▸ Aim of the task
Leaving out all pictures, repeat exactly the lines from the one that holds "Welcome aboard as" to the last line of the entries below.

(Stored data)
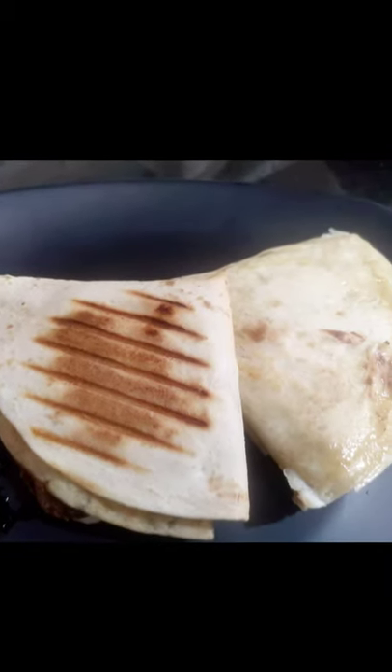Hello Viewers! This is a trending recipe video.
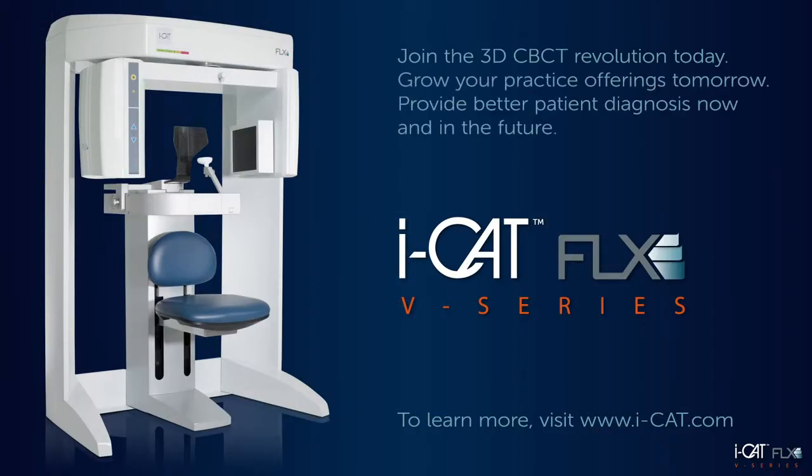Join the 3D CBCT revolution today. Grow your practice offerings tomorrow. Provide better patient diagnosis now and in the future. To learn more about the iCAT FLX V-Series 3D solutions, visit iCAT.com today.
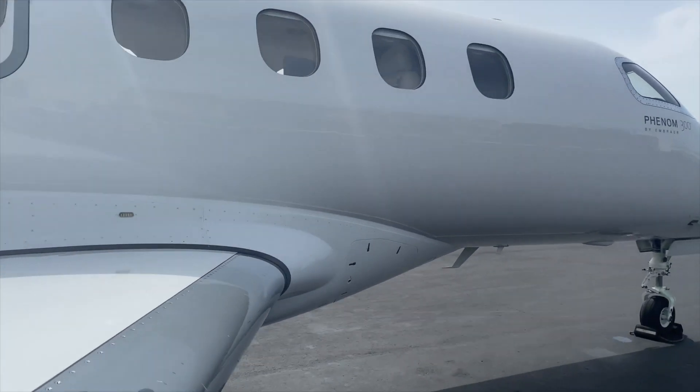Welcome aboard as we take a quick look at the new features of the Garmin G1000 NXI for the Phenom 300.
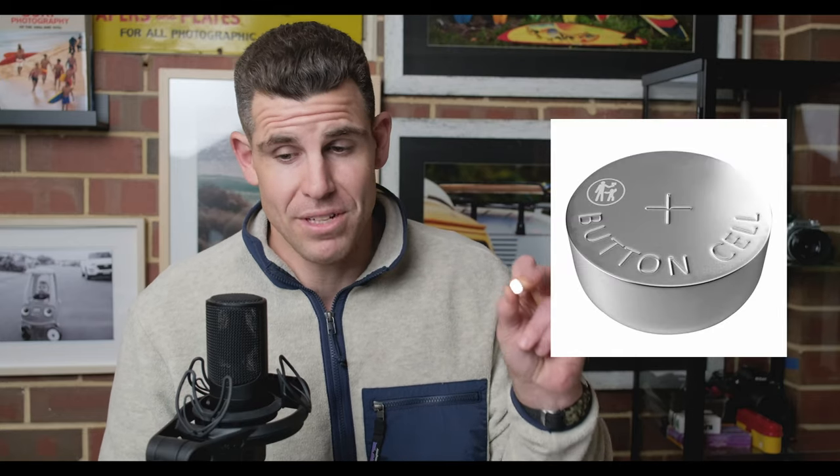Another good trick is to also carry SR44 batteries — silver oxide batteries. For instance, one of my original Nikonos cameras did not work with LR44 alkaline batteries for some bizarre reason, but with SR44 silver oxide batteries it powered the meter and worked just fine. So take those with you as well.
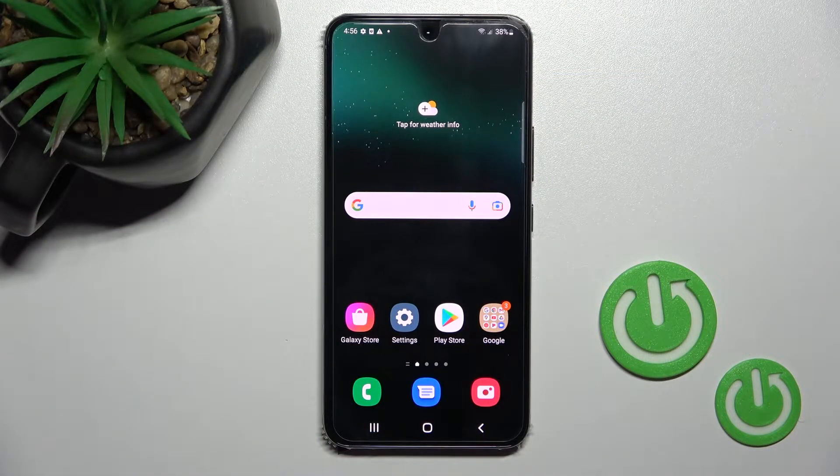Welcome, dear friend. Today we have the Samsung Galaxy S22 and I'll show you how to enable or disable Google Fit on this device.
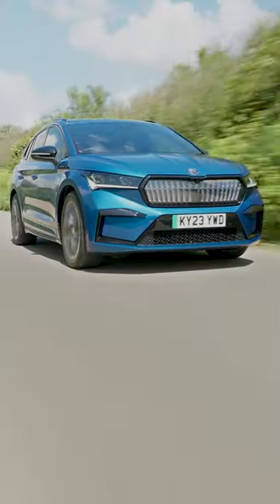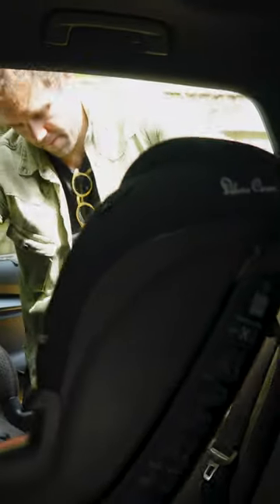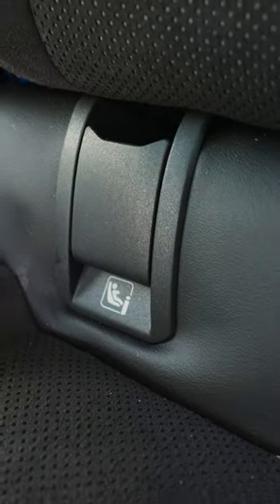Long journeys like ours from London to Cornwall can be tough for kids, but luckily the Skoda Enyaq is well equipped to keep the little ones happy. First of all, it's super easy to clip knocks in with the ISOFIX points.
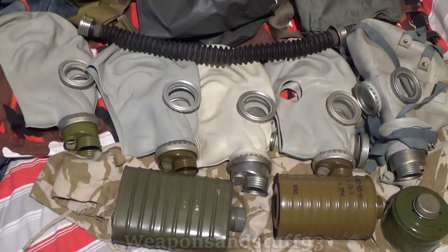I hope this video doesn't come across as being very anal retentive or anything like that, but what I want to do is basically try and explain some of the differences, as far as I know, between all the SHM masks.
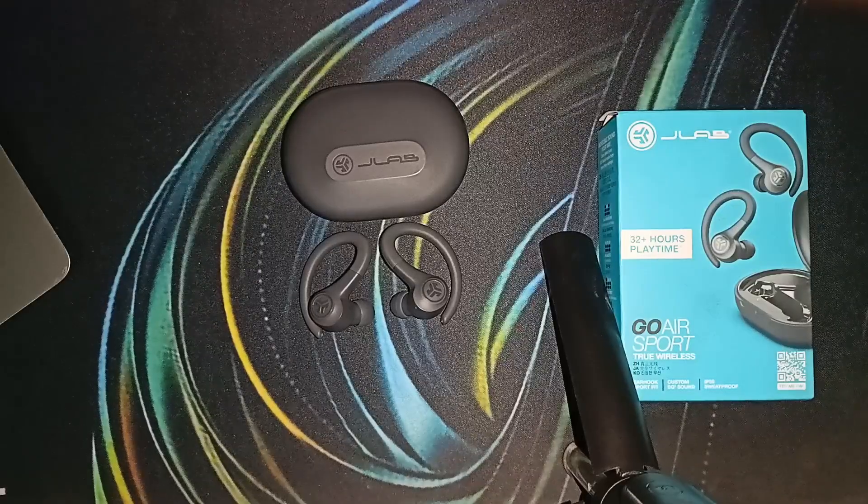If you have tried all the above steps and the earbuds are still not showing up on your Bluetooth device, it's time to reach out to JLab customer support for further assistance. They will be able to provide troubleshooting assistance and arrange a replacement if needed. If you found this video helpful, don't forget to like, share, and subscribe for more tech tips and tutorials. Goodbye!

▸ Response area
Welcome aboard as we take a quick look at the new features of the Garmin G1000 NXI for the Phenom 300.
Another good trick is to also carry SR44 batteries — silver oxide batteries. For instance, one of my original Nikonos cameras did not work with LR44 alkaline batteries for some bizarre reason, but with SR44 silver oxide batteries it powered the meter and worked just fine. So take those with you as well.
Welcome, dear friend. Today we have the Samsung Galaxy S22 and I'll show you how to enable or disable Google Fit on this device.
Long journeys like ours from London to Cornwall can be tough for kids, but luckily the Skoda Enyaq is well equipped to keep the little ones happy. First of all, it's super easy to clip knocks in with the ISOFIX points.
I hope this video doesn't come across as being very anal retentive or anything like that, but what I want to do is basically try and explain some of the differences, as far as I know, between all the SHM masks.
If you have tried all the above steps and the earbuds are still not showing up on your Bluetooth device, it's time to reach out to JLab customer support for further assistance. They will be able to provide troubleshooting assistance and arrange a replacement if needed. If you found this video helpful, don't forget to like, share, and subscribe for more tech tips and tutorials. Goodbye!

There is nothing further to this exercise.